Antologia critica
Anni ’90
1999
Sergio Spataro
Giuseppe Consoli, nel campo della pittura, non è l’ultimo venuto. Nato all’indomani della prima guerra mondiale sulle pendici dell’Etna, ha iniziato a dipingere da autodidatta nel 1935 con un tipo di disegno di stampo naturalistico, anche se via via ebbe poi modo di affinare e approfondire gusti e cultura, non solo mediante il concreto fare, ma soprattutto attraverso i livelli teorici conseguiti. Dopo il ritorno dalla prigionia di guerra in Germania, nel 1945, incomincia a esporre in mostre collettive. Nel ’48 è presente alla Quadriennale di Roma e, trasferitosi a Chieti, si dedica anche alla ceramica e alla scultura in terracotta.

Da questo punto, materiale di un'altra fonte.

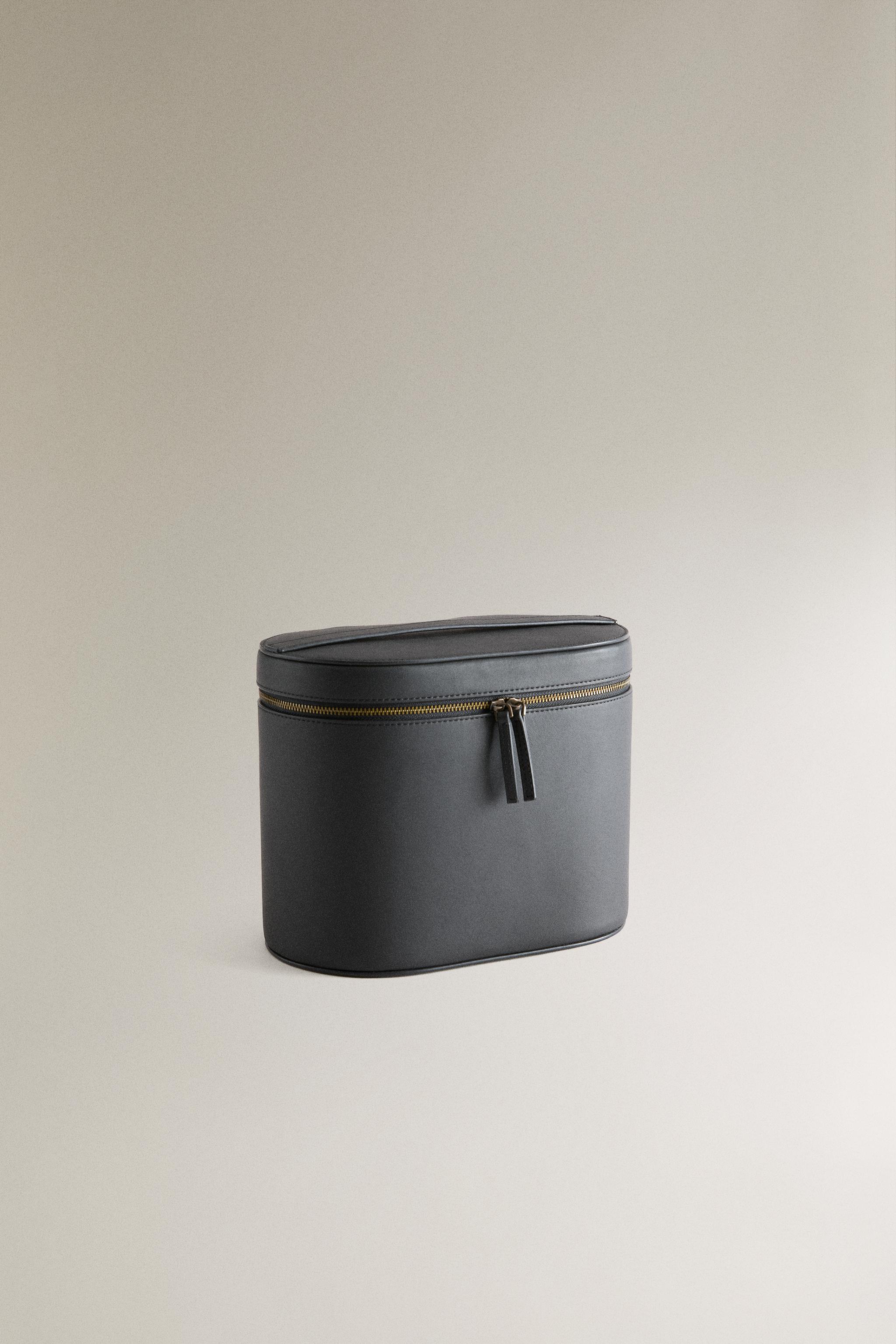 TROUSSE DE TOILETTE RIGIDE CUIR MIROIR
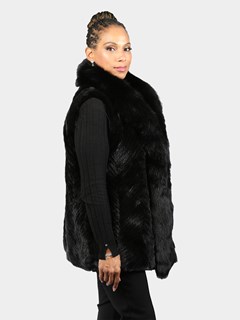 Woman's Black Section Mink Fur Vest with Matching Fox Tuxedo Front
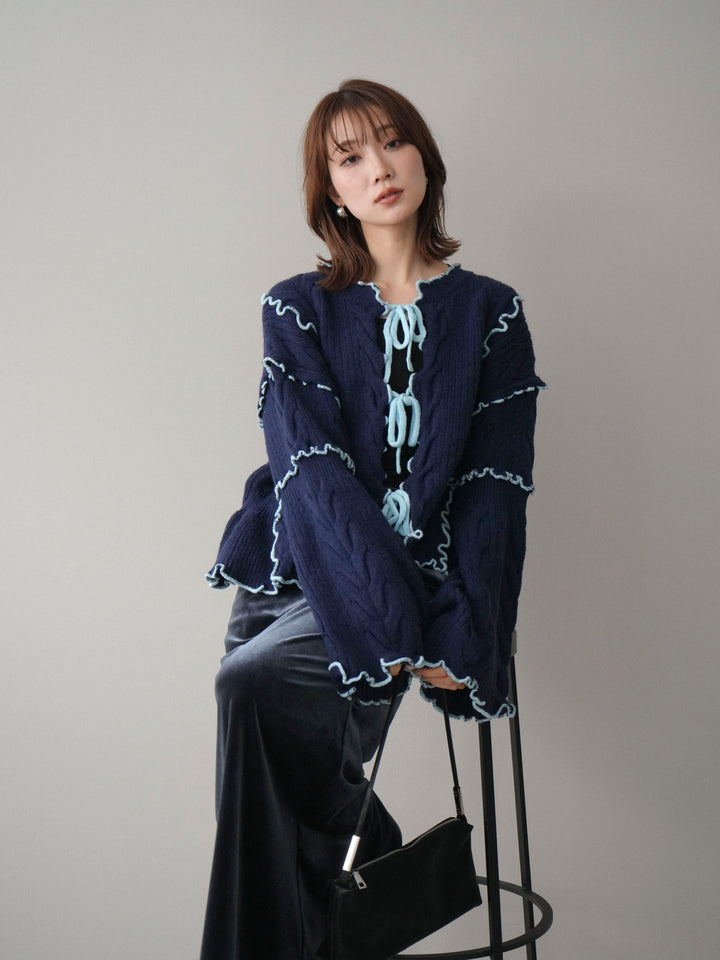 [予約]フロントリボン配色メローニットカーディガン/navy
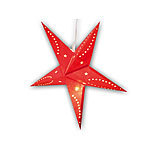 Lunartec 3D-Weihnachtsstern-Lampe, Stern aus Papier, 60 cm, rot Lunartec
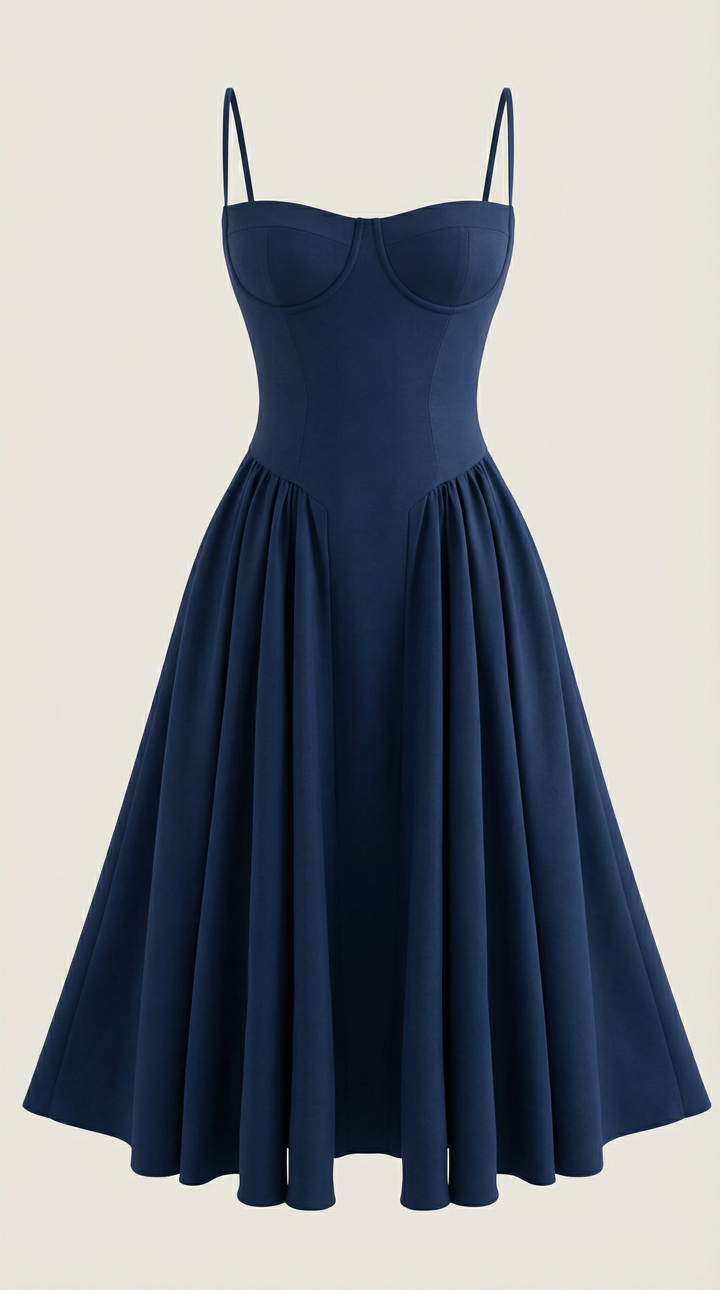 Izolda | Midi Dress with Corset Detail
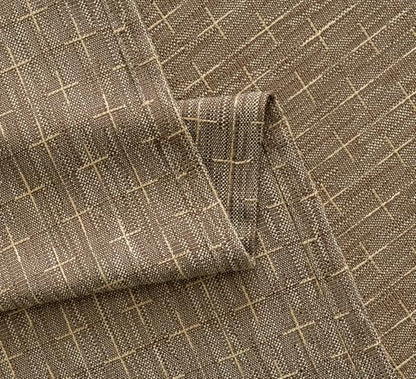 MIULEE Patterned Farmhouse Linen Curtains, Back Tab, 52Wx72L, Brown - color: Brown, size: 52"W x 72"L (Pack of 2)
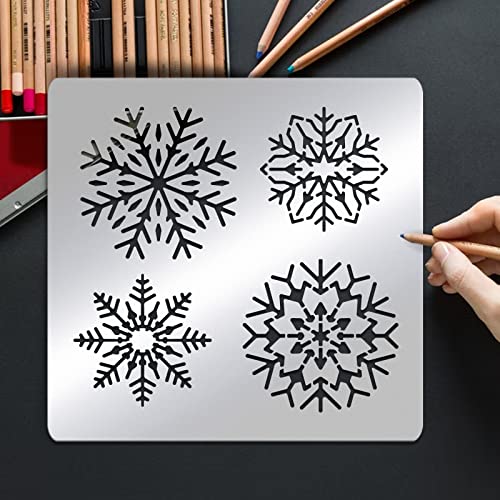 BENECREAT Snowflake Pattern Stainless Steel Stencil Template, 6.14x6.14inch Metal Journal Stencils Templates Tool for Wood Burning Pyrography and - WoodArtSupply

E’ qui che nel ’50 ha luogo la sua prima personale, mentre nel ’50 e’51 viene premiato a Suzzara. Di questo periodo è rappresentativo il vasto dipinto dedicato alla «Strage di Portella della Ginestra» ora nella sede romana della Confederazione Generale del Lavoro. (…) La mostra odierna che per la prima volta offre al pubblico l’ultima fase della sua pittura, costituisce perciò un ritorno. Attenendoci alla sola pittura, si può dire in generale che Consoli non si è mai «fissato» in un’unica e immediatamente riconoscibile soluzione stilistica. Temperamento tipicamente mercuriale, magmatico e ribollente come la lava della terra natia, la sua ricerca sperimentale e sempre aperta al nuovo, resta eccitata dagli stimoli del suo vissuto autobiografico. (…) Consoli insomma «è libero inventore delle forme, libero da tutti gli schemi correnti». (…) proliferante espansione di forme nello spazio, secondo agglomerati fantastici e visionari che traducono la spontaneità delle associazioni inconsce come avviene tipicamente nelle opere che oggi presenta. Anche sotto questo profilo peraltro rientrano nella tradizione del «barocchetto » mediterraneo di stampo espressionista: pur perfettamente visive e costruite con accesi colori, le forme fantastiche di Consoli costituiscono una realtà intellettuale e non sensoria. Attività fantastica della mente significa anche restituire l’immaginario alla sua funzione più precipua, che è quella di praticare lo strano e l’insolito per farlo rientrare nella norma (…) ricerca del perturbante: nelle forme di figurazione fantastica avviene cioè quello che viene chiamato «passaggio di soglia», come ad esempio dalla dimensione della realtà a quella del sogno, che dal quotidiano e dal consueto ci trasporta all’inesplicabile e all’estraneo, appunto al perturbante.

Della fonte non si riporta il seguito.